▶ _Task brief_: When you transcribe the entries, reproduce every character and exclude the images.

Records drawn from a dataset
───
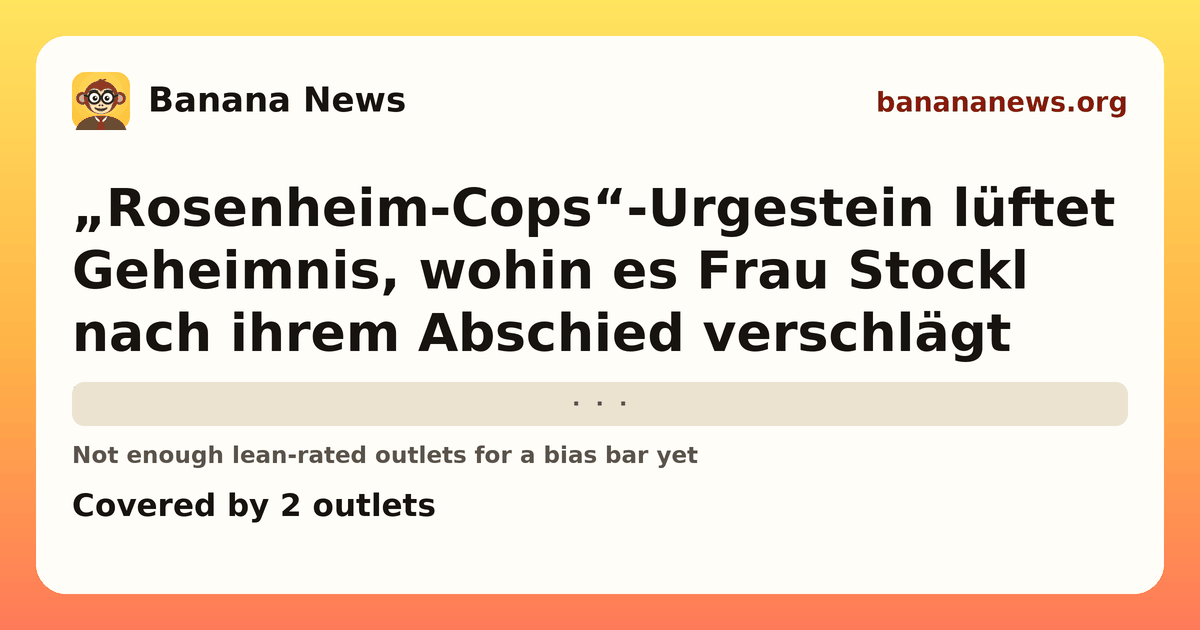 Banana News card: „Rosenheim-Cops“-Urgestein lüftet Geheimnis, wohin es Frau Stockl nach ihrem Abschied verschlägt. Covered by 2 outlets.
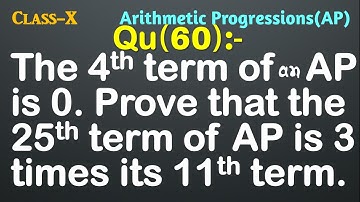 Q60 | The 4th term of an AP is zero. Prove that the 25th term of the AP is three times its 11th term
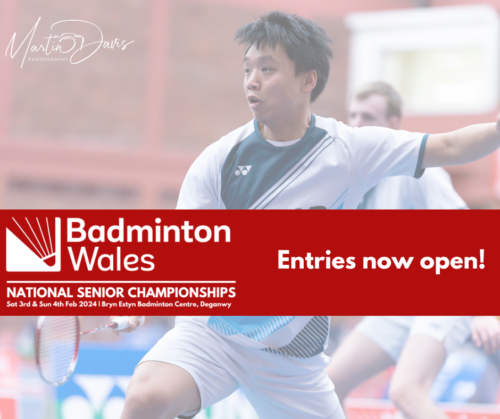 , Senior Nationals &#8211; Entry Open, Badminton Wales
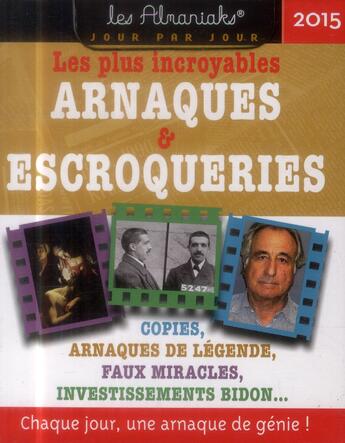 Couverture du livre « Les plus incroyables arnaques et escroqueries 2015 » de  aux éditions Editions 365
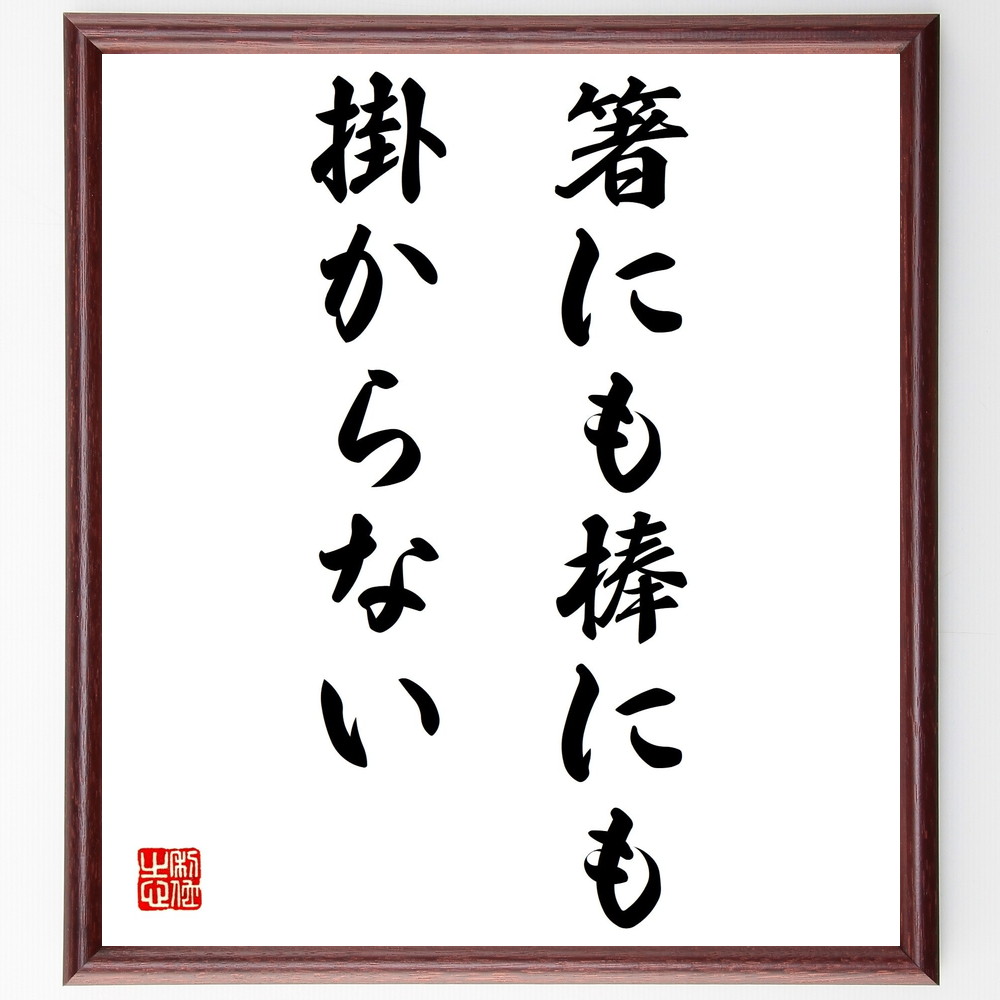 名言「箸にも棒にも掛からない」手書き書道色紙額／受注後の毛筆直筆（名言 無力 役に立たない 使えない 比喩 日常生活 例え 失敗 名言 格言 座右の銘 ﾌﾟﾚｾﾞﾝﾄ 贈り物 お祝い 偉人 ｸﾞｯｽﾞ 心に響く 短い ｱﾆﾒ 壁掛け 書道 習字 直筆～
───
▶ _Output for this exercise_:
 Banana News card: „Rosenheim-Cops“-Urgestein lüftet Geheimnis, wohin es Frau Stockl nach ihrem Abschied verschlägt. Covered by 2 outlets.
 Q60 | The 4th term of an AP is zero. Prove that the 25th term of the AP is three times its 11th term
 , Senior Nationals &#8211; Entry Open, Badminton Wales
 Couverture du livre « Les plus incroyables arnaques et escroqueries 2015 » de  aux éditions Editions 365
 名言「箸にも棒にも掛からない」手書き書道色紙額／受注後の毛筆直筆（名言 無力 役に立たない 使えない 比喩 日常生活 例え 失敗 名言 格言 座右の銘 ﾌﾟﾚｾﾞﾝﾄ 贈り物 お祝い 偉人 ｸﾞｯｽﾞ 心に響く 短い ｱﾆﾒ 壁掛け 書道 習字 直筆～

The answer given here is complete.